Wednesday, September 29, 2010

Reflections: Chauncy's "Gay New York"

There is but one required class in the 1-year Master of Arts Program in the Social Sciences (MAPSS) at UChicago. Namely, "Perspectives in Social Sciences Analysis." "Perspectives" intends to survey the nine different approaches - NOT disciplines - of the social sciences. These discipline-spanning perspectives have distinctive theoretical features, analogies, pioneers and lineages, and the like. They include historical narrative, rational choice, Marxism, structural functionalism, etc. By presenting this lay of the land, the program indoctrinates us with its particular, highly Chicagoan, meta-method and meta-perspective. More on this later.

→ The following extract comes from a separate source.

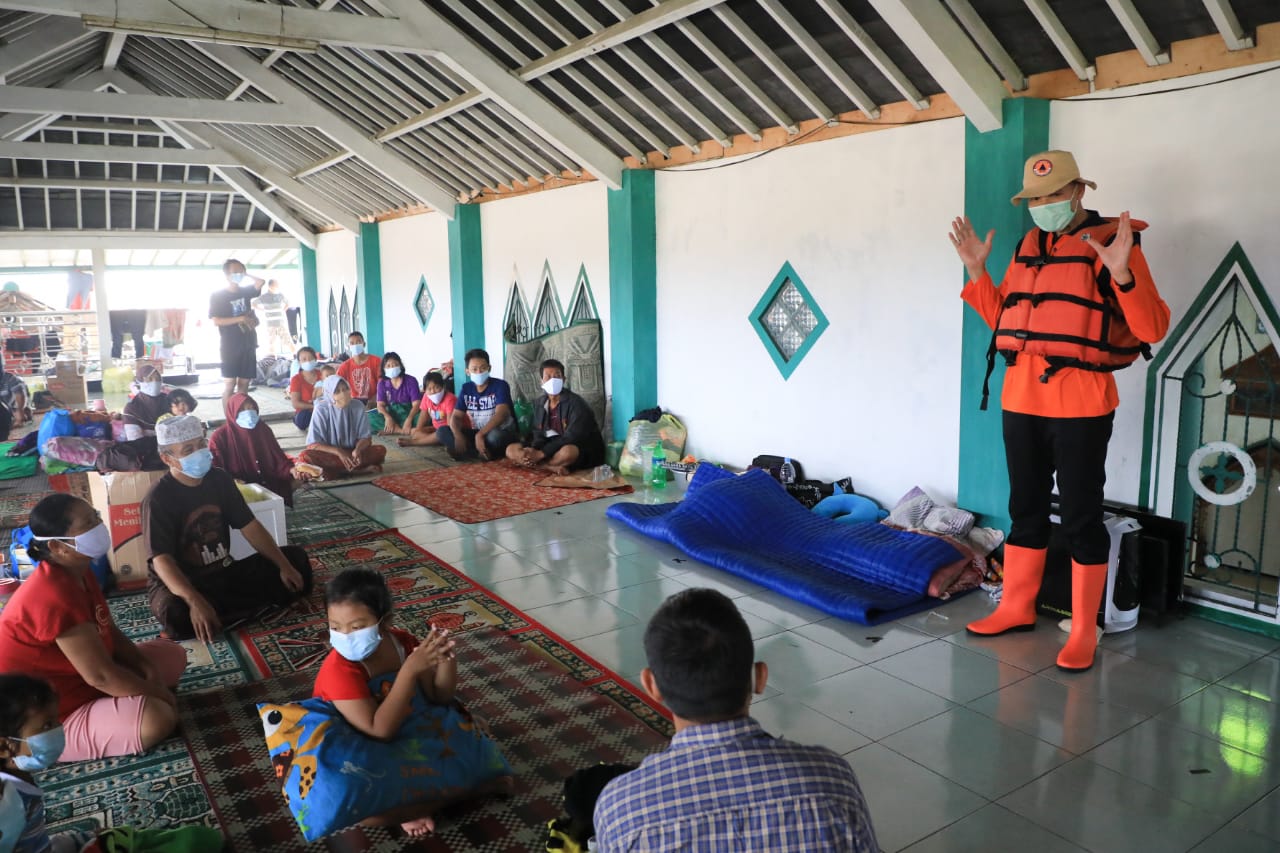 Ganjar mengunjungi pengungsian korban banjir di Genuk. (Foto: Dok Prov Jateng)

For now, I want to comment on some features of one of the course readings: the first two chapters of George Chauncey's Gay New York: Gender, Urban Culture, and the Making of the Gay Male World 1890-1940 (1995).

Chauncey's premise is disarmingly simple: contrary to popular belief, male gay culture was not only visible during the period of survey, it was conspicuous. As far as this is the argument of the book, it is easily corroborated. Chauncey draws from multifarious and reliable sources to make his case and follows each chapter with a list of annotated sources indicating the nature and origin of the evidence. Allowing that all truth is subjective, embedded, and imperfect, Chauncey's historical narrative seems to be as capable of approaching truth or verisimilitude (truthlikeness) as well as any other method. Which I guess is my endorsement of historical narrative, albeit superlative historical narrative.

Chauncey begins his book with the visible culture of gay New York at the turn of the century. He hastens to add, however, that this was only the tip of the iceberg, the flamboyant and bold vanguard of revolution. Indeed the queerdom of underground New York was a verdant landscape featuring exhibitionists and those that more substantially valued their privacy. Interestingly, he makes the claim that "the closet" was somewhere gays were not.

Naturally, there is a lot of complexity to this metropolitan network. Class, ethnicity, and geography cleave powerfully through it. Gays are described categorically as "perverts" and "degenerates" by media outlets and mentally branded as such by the status quo. The Bowery bunch (the Bowery wasn't the limit, just the locus, of flamboyant nightclub and saloon activity) adopted, appropriated, and fashioned a complex "fairy" identity grounded largely in "effeminate" or "feminesque" "semiotics (or system of identifying signs)."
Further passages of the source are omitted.